» **PROBLEM TO WORK ON**: Would you retype, word for word, only the lines from the one holding "AVA MICHELLE at" through the final line of the entries below, without the pictures?

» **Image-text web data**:

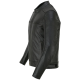 Chaqueta de Moto de Piel de Vacuno Premium – Unisex, con Protectores CE en Hombros, Codos y Espalda LOVO®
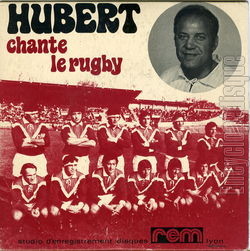 [Pochette de Hubert chante le rugby (Hubert JARZYK)]
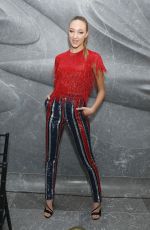 AVA MICHELLE at Naeem Khan Fashion Show at NYFW in New York 02/11/2020
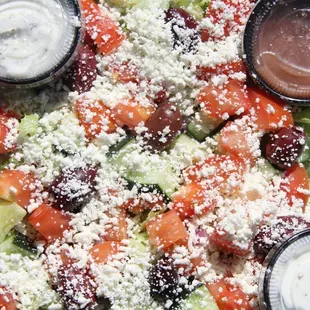 Greek salad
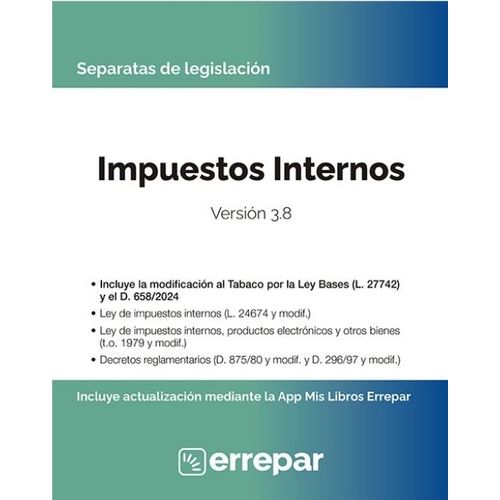 IMPUESTOS INTERNOS - VERSION 3.8
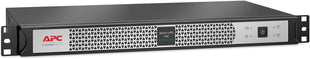 APC Smart-UPS 500VA Lithium Battery Rackmount UPS with SmartConnect, SCL500RM1UC, Line Interactive, Sine Wave, Short-Depth 120V Uninterruptible Power Supply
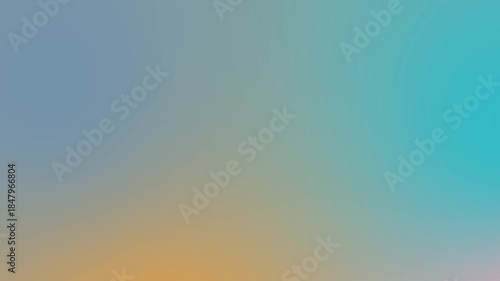 Purple blue yellow gradient abstract background with soft texture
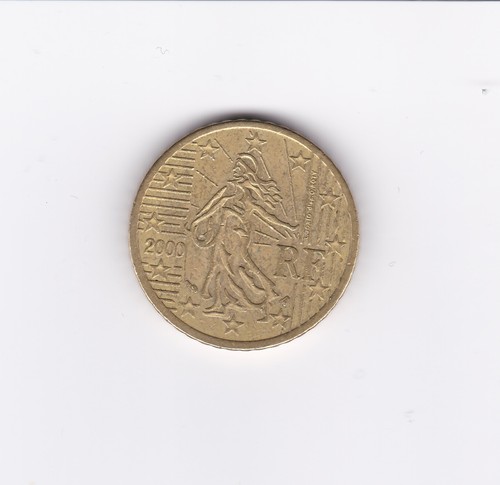Eurocent münze - 50,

» **SOLUTION TO THE PROBLEM**:
 AVA MICHELLE at Naeem Khan Fashion Show at NYFW in New York 02/11/2020
 Greek salad
 IMPUESTOS INTERNOS - VERSION 3.8
 APC Smart-UPS 500VA Lithium Battery Rackmount UPS with SmartConnect, SCL500RM1UC, Line Interactive, Sine Wave, Short-Depth 120V Uninterruptible Power Supply
 Purple blue yellow gradient abstract background with soft texture
Eurocent münze - 50,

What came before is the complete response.